At 76 percent coverage, an increase of five percent over last quarter, LTE signals now reach three quarters of Canadians. The numbers, which are calculated by actual users engaging with OpenSignal’s free network testing app, don’t quite corroborate national carriers’ claims that their LTE networks now reach over 95 percent of its active users. Indeed, theoretical coverage claims rely on ideal circumstances, especially in rural areas where oversubscribed towers don’t always reach their intended targets.

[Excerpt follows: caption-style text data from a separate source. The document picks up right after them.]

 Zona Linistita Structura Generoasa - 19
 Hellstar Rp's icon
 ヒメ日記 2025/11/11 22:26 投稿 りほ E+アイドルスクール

What OpenSignal doesn’t take into account is cost per subscriber. While Canadians enjoy some of the fastest LTE signals in the world, and three quarters can usually connect at high speeds, prices have soared in recent years, with consolidation appearing to have negative consequences for customers looking to save money on their wireless bills.

  • Humbre

    Sasktel may be fast, but the report states that they only have 54% LTE coverage. Worst of all the telcos tested in Canada. Bell is at 72%, Rogers at 81%.

    • Yeria

      Sasktel probably only cost 54% of what you would have to pay for the equivalent plans in Ontario though.

    • southerndinner

      Population wise they’re probably a lot higher. There’s a lot of trash towns and rural areas in SK.

    • Pokpok

      How much of the province is actually populated, and needs coverage… The places with no coverage probably don’t need it, and aren’t worth living in…

    • nonenone22


  • power_pizza

    I wish there was a provincial carrier in BC to keep the Big 3 Cartel honest.

  • OptimusOBrien

    Plans are very well priced as well. I still have my 5GB $55 plan from koodo here in ON. To get that same plan here Im looking at $95 minimum.

    • Tim

      I have that same plan, but it’s $48 now. shame no other carrier in SK has the unlimited data option like SaskTel offers

    • Nahuel1988

      In QC they still sell it but for 60, still not bad!

  • Nahuel1988

    I hit 109 Mbps with Rogers on LTE (band 2600) using a Oppo R5s in Montreal.

    • MassDeduction

      This is the average. Not all devices support band 7. If you’re on Rogers and you have an older device that only supports band 17, you’ll get half the speed of a handset that supports band 12 when your phone drops to 700MHz (since rogers has rolled out MFBI so that half of their 700MHz spectrum looks like band 17 to devices that support that, but all of their 700MHz spectrum looks like band 12 if your device has support for that band). Telus has recently refarmed band V HSPA to band 5 LTE, but it’s a pretty small sliver of spectrum and if your phone drops to it it’ll be some of the slowest LTE available on any of the big 3.

    • Nahuel1988

      Well to be honest with you, my LTE never dropped in Montreal, I am not aware if Rogers has the 700MHz frequency here tho. My phone is European (LTE band 1(2100), 3(1800), 4(1700/2100), 7(2600), 8(900), 17(700), 20(800), 28(700) and 40(2300)), so if my band 7 fails here in my hometown (hasn’t happened yet), I’m pretty much screwed LOL. So it’s pretty much fast LTE or no LTE at all. I wasn’t sure it connected to LTE because it shows 4G, but the speedtest shows 109, sometimes even reaching up to 119. Thanks for clarifying anyways!

  • WhoCares1000

    Is SaskTel Saskatoon-based or Regina-based?

    • Tim


    • WhoCares1000

      That’s what I thought, Daniel thinks otherwise.

  • nonenone22

    I would rather have dial-up than live in Saskatchewan.

    • jsebean

      lol that’s a little harsh..

    • nonenone22

      Not as harsh as living in Saskatchewan

    • crazicanuck

      The key point is you don’t have to live in Saskatchewan to have a public provider, you just have the political will.

    • kcus kcid


    • Felix

      Agreed. I gate living in Saskatchewan with my well paying, secure job. It sucks.

    • nonenone22

      I hate living somewhere that isn’t Saskatchewan with my well paying, secure job. Oh wait, that doesn’t suck.

  • SuperDSpamalot

    It’s almost as if competition is a good thing. Who woulda thunk it.

  • Ted Shekeler

    It’s pretty cool paying $116 a month to Sasktel for “Highspeed” internet for my home @ 10mpbs down and 1.5up yet these phones can do serious speed and they are all data capped.